◆ WHAT TO PRODUCE ◆
Within the listing that follows, reproduce exactly the lines starting at the line with "anime girls, Genshin" and ending at the line with "Sherlock Glass Pipe", inclusive, and only those. Pictures are dropped.

BEGIN DATASET RECORDS

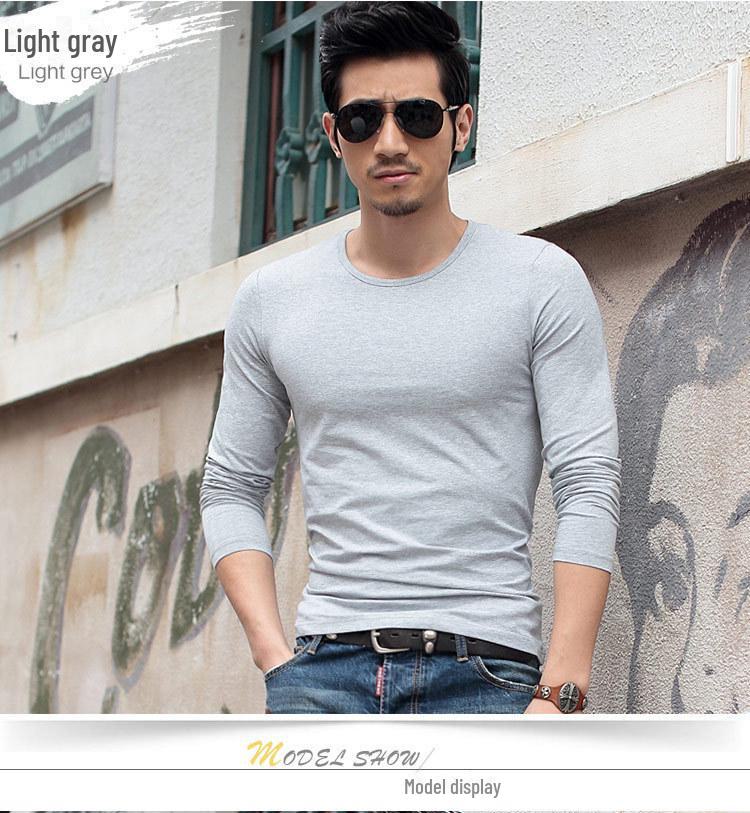 2019 Весна/Лето Мужская футболка Slim Fit с длинным рукавом и круглым вырезом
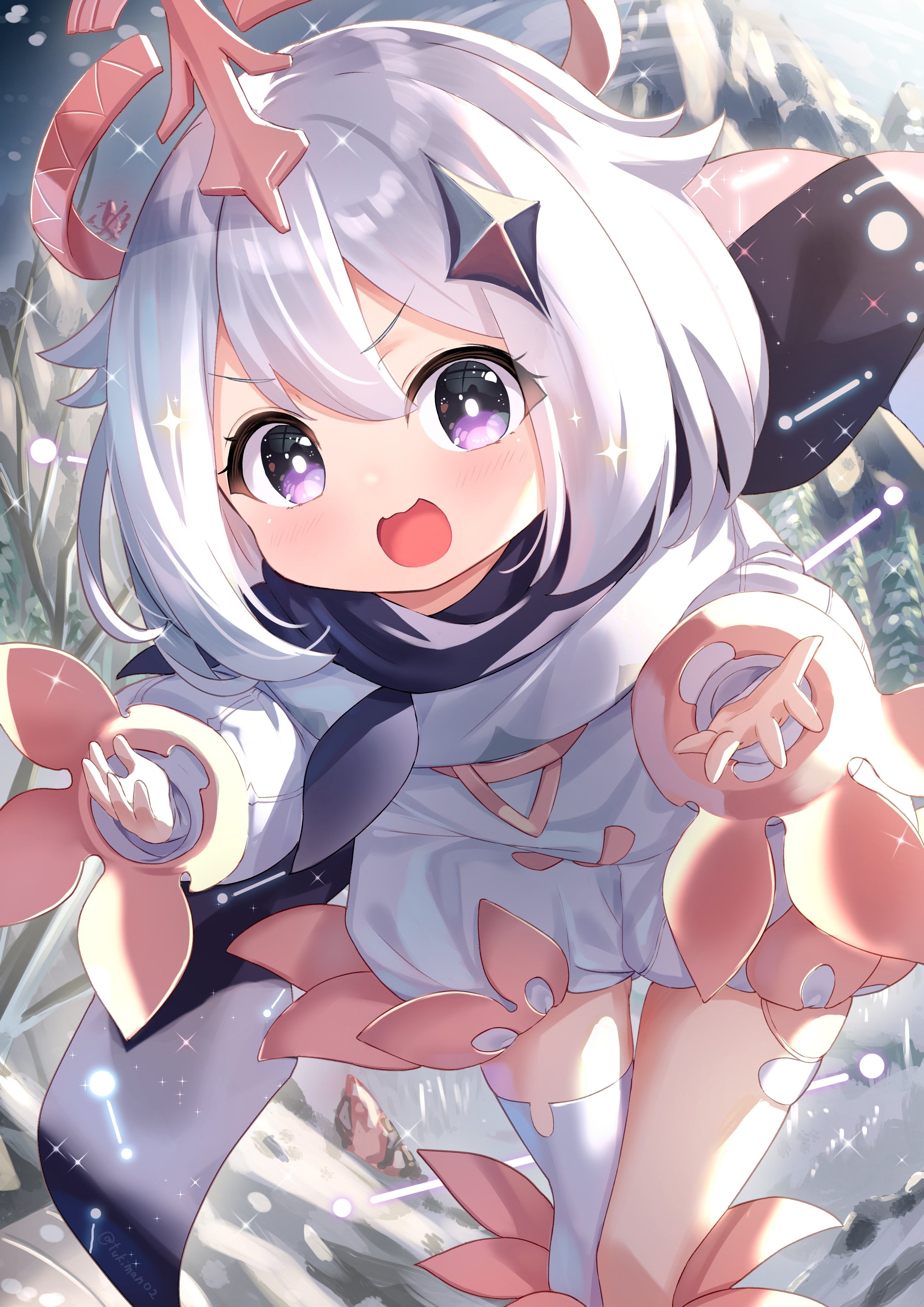 anime girls, Genshin Impact, 4K, Paimon(Genshin Impact), Phone HD Wallpaper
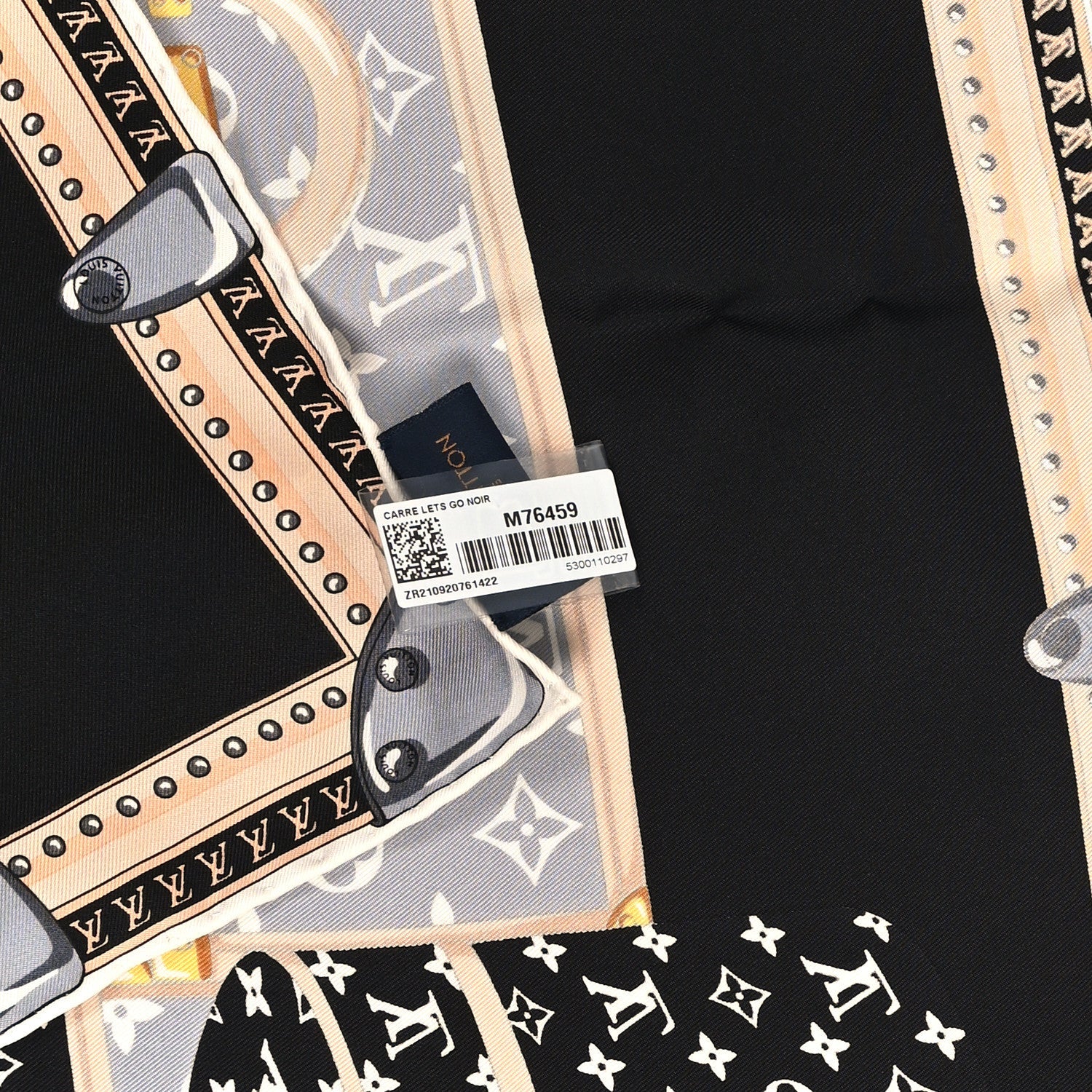 Louis Vuitton Silk Monogram Lets Go Scarf Black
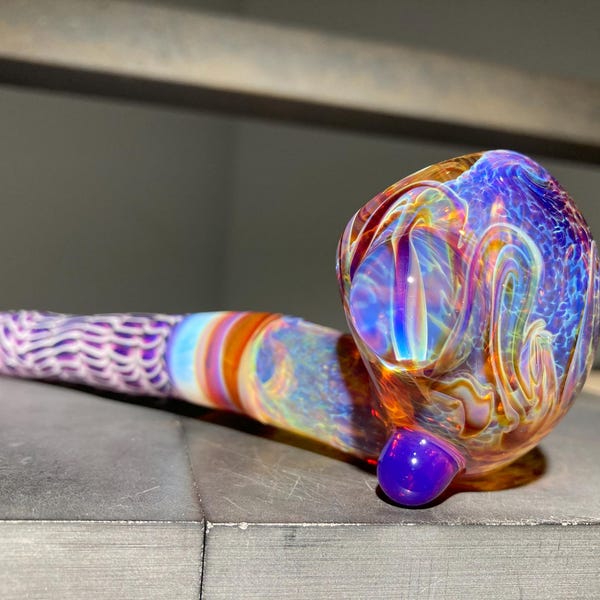 Sherlock Glass Pipe 6" / Color Change Pipe Electric Royal Jelly & Star White / Unobtainium Sparkle / Double Amber Purple Ghost / JappeGlass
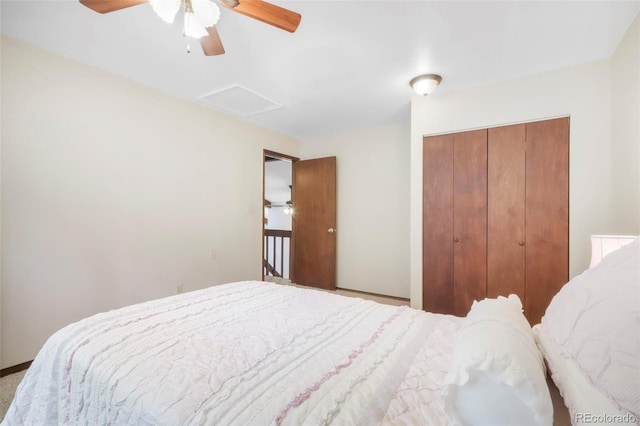 510 Silhouette Way, Monument, CO 80132 - bedroom with a closet, attic access, and ceiling fan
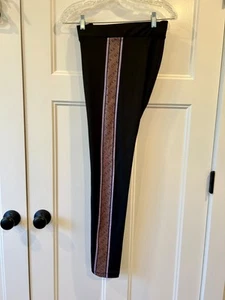 GUESS Logo Ankle Leggings Black Polyester/Elastane Designer Spandex- Size Large - Picture 1 of 9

END DATASET RECORDS

◆ REPLY ◆
 anime girls, Genshin Impact, 4K, Paimon(Genshin Impact), Phone HD Wallpaper
 Louis Vuitton Silk Monogram Lets Go Scarf Black
 Sherlock Glass Pipe 6" / Color Change Pipe Electric Royal Jelly & Star White / Unobtainium Sparkle / Double Amber Purple Ghost / JappeGlass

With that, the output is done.